BEGIN
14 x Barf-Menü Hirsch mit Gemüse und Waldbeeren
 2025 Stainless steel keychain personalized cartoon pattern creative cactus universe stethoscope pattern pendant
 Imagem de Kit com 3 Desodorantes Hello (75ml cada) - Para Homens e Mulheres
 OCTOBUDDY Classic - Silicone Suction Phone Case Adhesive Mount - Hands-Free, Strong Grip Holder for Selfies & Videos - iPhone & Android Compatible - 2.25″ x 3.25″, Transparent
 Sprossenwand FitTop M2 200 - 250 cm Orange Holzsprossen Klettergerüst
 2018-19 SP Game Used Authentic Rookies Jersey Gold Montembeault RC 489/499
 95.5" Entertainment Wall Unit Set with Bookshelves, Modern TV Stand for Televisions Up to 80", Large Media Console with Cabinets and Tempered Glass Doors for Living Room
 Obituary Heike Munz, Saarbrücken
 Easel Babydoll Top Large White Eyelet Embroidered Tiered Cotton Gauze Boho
END
• Exercise brief
Pull every line containing "Large" from the data.

• Answer for this exercise
 95.5" Entertainment Wall Unit Set with Bookshelves, Modern TV Stand for Televisions Up to 80", Large Media Console with Cabinets and Tempered Glass Doors for Living Room
 Easel Babydoll Top Large White Eyelet Embroidered Tiered Cotton Gauze Boho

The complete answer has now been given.